As of this writing, the Audiveris engine is not yet able to recognize chord names that include true sharp () or flat () characters. Perhaps one day, we will succeed in training Tesseract OCR on this text content.
For the time being, Audiveris is able to recognize such chord names when these characters have been replaced (by OCR “mistake”, or by manual modification) by more “usual” characters:
- '#' (number) as replacement for '♯' (sharp),
- 'b' (lowercase b) as replacement for '♭' (flat).

When we OCR a chord name word, Audiveris may be able to decode it as a chord name and thus wrap it within a chord name sentence.

If Audiveris has failed, we can still force the chord name role (at the sentence level) and type in the missing b or # characters if so needed (at the word level). The chord name will then be decoded on-the-fly with its new textual content.

Note we don’t have to manually enter the true sharp or flat signs. Entering them via their Unicode value is a bit tricky and, in the end, useless.
Instead, when text has been recognized or assigned as a chord name, its internal b or # characters are automatically replaced by their true alteration signs.
For example, we can type “Bb” then press Enter and the chord name will be translated and displayed as “B♭”.

Lyric Line

A lyric line is a sentence composed of lyric items.

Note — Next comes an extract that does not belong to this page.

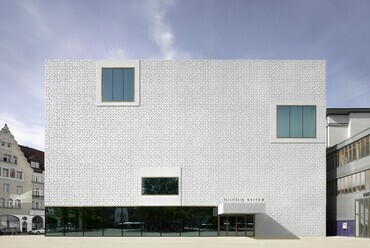 Cukrowicz Nachbaur Architekten: Vorarlberg Museum, Bregenz, 2007–2012. Főhomlokzat. Kép © Adolf Bereuter, az Architekturzentrum Wien Jóvoltából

When selected, the Inter board displays additional data:

  • Voice number,
  • Verse number,
  • Location with respect to staff.

Each syllable (lyric item) is usually linked to a related chord, either above or below.
But it is not always obvious whether the text concerns the staff above or below nor is it always clear which voice is concerned.

If a syllable is not linked to the correct chord, we can modify this link manually by dragging from the syllable to the suitable chord. This will update on-the-fly the line data (voice, verse, location).

Metronome mark

Since the 5.4 release, the metronome marks can be automatically recognized.
We can also edit them afterwards and even create new marks from scratch.

A metronome mark is a sentence composed of words.
One of its words is special as it contains not textual characters but music characters. This word is the BeatUnit word.

Editing the metronome is detailed in this specific section.